三河山惣兵衛の墓(みかわやまそうべえのはか)

三河山惣兵衛 1789(寛政元)~1864(文久4)年

番付(ばんづけ)最高位は十両(じゅうりょう)でした。福釜(ふかま)村蔵前(くらまえ)で斉藤粂右衛門の次男として生まれ、少年時代から体格豪強(ごうきょう)で正義感も強く角力界(すもうかい)へ進みました。三河出身の力士(りきし)で清見潟又市(きよみがたまたいち)に弟子入りし、十両まで出世します。引退後は、旅頭取(たびとうどり)となり、大相撲の地方巡業をすることが出来る「四本柱免許」が与えられています。この免許には、日本相撲(すもう)協会相撲博物館々長の認定書(にんていしょ)が付いており、安城市指定の文化財となっています。現在この土俵(どひょう)の四本柱は認定書と一緒に福釜神明神社の境内(けいだい)にある福釜文化会館に保存・展示されています。

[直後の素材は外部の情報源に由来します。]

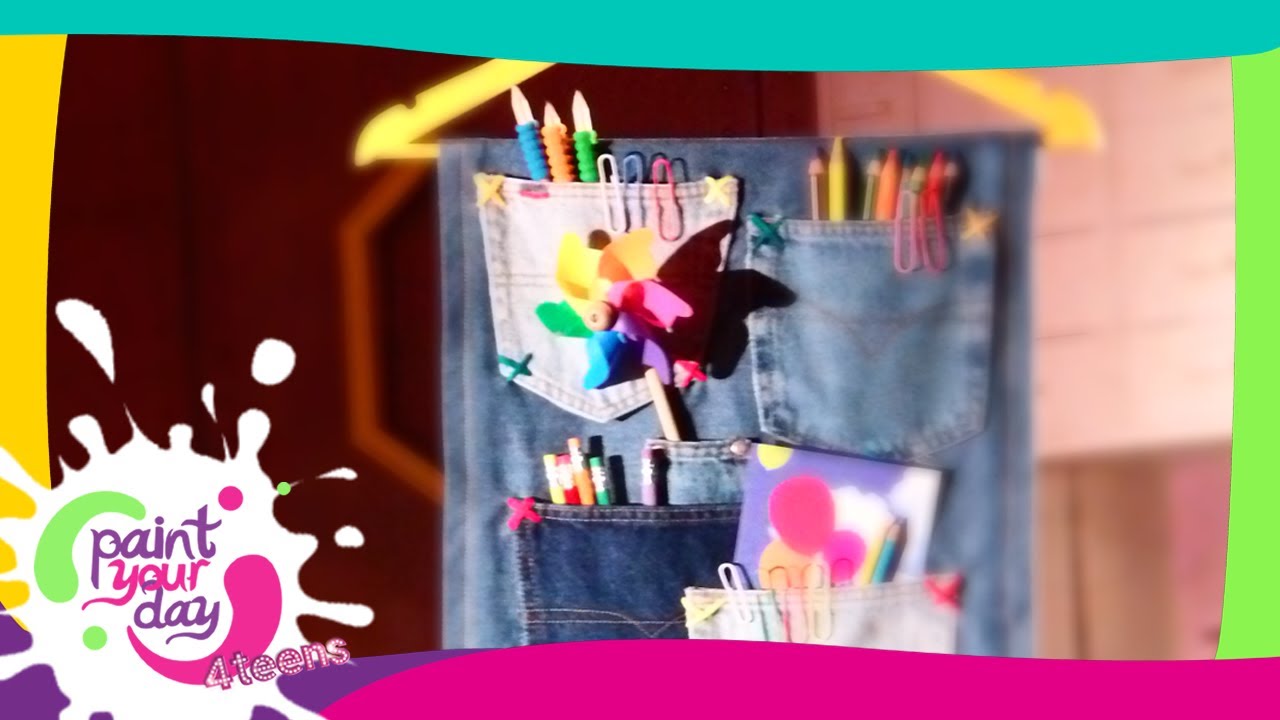Come fare un portaoggetti di jeans: Paint Your Day 4 Teens - Frisbee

また、要人(ようじん)の警護(けいご)を勤(つと)めたこともあり、都築弥厚(つづきやこう)の随行(ずいこう)は欠かしていないようでした。ある時、弥厚江戸出府でのこと、大井川(おおいがわ)の渡しで、ひとりの若者が2~3人の雲助(くもすけ)に絡(から)まれて困っていました。誰も助ける者がいないので、惣兵衛は豪強な体格と強い正義感で、雲助を懲(こ)らしめ、若者を救いました。この若者がのちの七代目市川団十郎(いちかわだんじゅうろう)でありました。その後、団十郎一座(いちざ)は、福釜で2回、和泉(いずみ)で1回、御礼興行(おれいこうぎょう)を実施(じっし)しています。